Si evidenzia che la rotta storica su Parigi, effettuata in alcuni periodi con quattro voli giornalieri, ha saputo movimentare nel 2012 circa 120mila passeggeri, ridottisi a zero a partire dal 2016. Anche le rotte verso la Madrid e Barcellona, potenzialmente da oltre 100mila passeggeri annui, sono o sparite da tempo (vedi Barcellona) o recentemente (vedi Madrid).

 

Grazie al potenziamento di alcuni servizi, ci si aspetta per il 2019 un ulteriore incremento sulle rotte su Londra Stansted e su Amsterdam.

 

ROTTE INTERNAZIONALI EXTRA U.E.

I problemi di sicurezza a causa del terrorismo hanno determinato il declino di alcune località turistiche egiziane e tunisine, di fatto scomparse tra le rotte più trafficate.

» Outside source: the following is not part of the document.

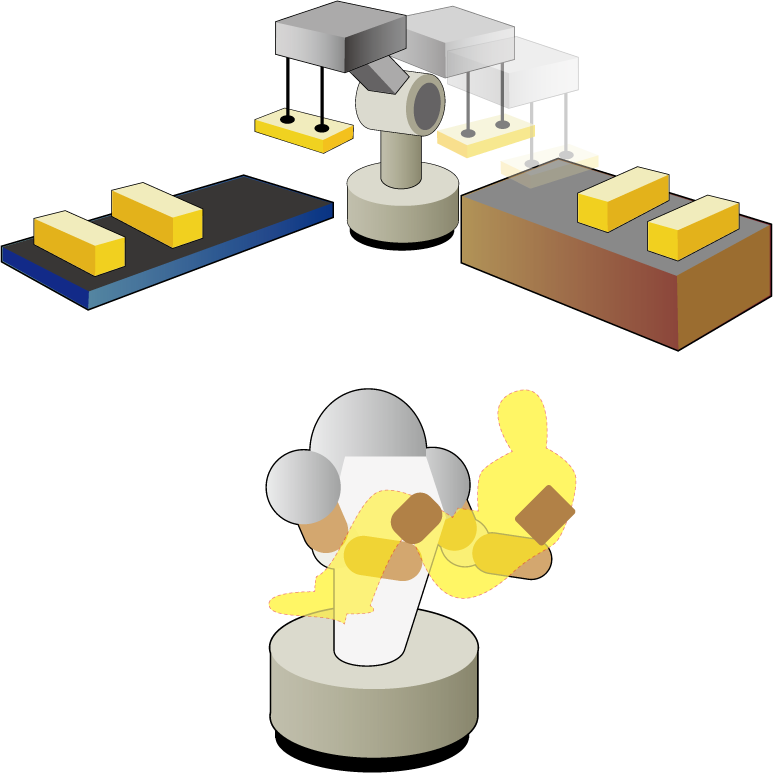 トルク制御のヒューマンマシンインターフェイスへの応用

Solo Marsalam appare in ripresa, ma i dati complessivi attuali rispetto ai record del periodo 2004-2008 sono solo una frazione. 

 

Sono ben intonate, invece, le rotte verso l'Est Europa. Notevole lo sviluppo di Tirana e di Mosca, costante il dato di Kishinev. Si tratta di un mercato dall'alto potenziale ma, fino ad ora, poco sfruttato, visto che mancano i collegamenti diretti con quasi tutti i paesi dell'ex blocco comunista. Per il 2019 ci si aspetta un dato oltre i 50mila passeggeri anche per la rotta di Aeroflot tra Verona e Mosca Shemeretyevo.

 

RIASSUNTO PER PAESE E PER MERCATO

L'ultima tabella è forse la più significativa, in quanto riassume per singolo paese i dati di traffico dal 1999 ad oggi e il dato che colpisce di più è il mancato sviluppo o la scomparsi di alcuni mercati mentre, come citato in premessa, la politica di sviluppo pare concentrarsi unicamente sul mercato britannico, sulla Germania e sulla Russia.

 

Regno Unito e Germania sono arrivati nel 2018 al miglior risultato di sempre, mentre Spagna e Grecia sono nettamente sotto i dati di circa 20 anni fa e, nel caso della Spagna, destinati a peggiorare ulteriormente. Scomparse le destinazioni su Francia (per molti aeroporti italiani il primo mercato europeo) e Austria, un tempo servita dal gruppo Lufthansa come alternativa agli scali tedeschi. 

 

Notevole anche il calo del traffico extra Europa, con l'Africa che contabilizza nel 2018 quasi un terzo dei passeggeri del 2008, mentre il traffico verso l'Europa extra Unione Europea passa dai 205mila del 2008 ai 462mila del 2018.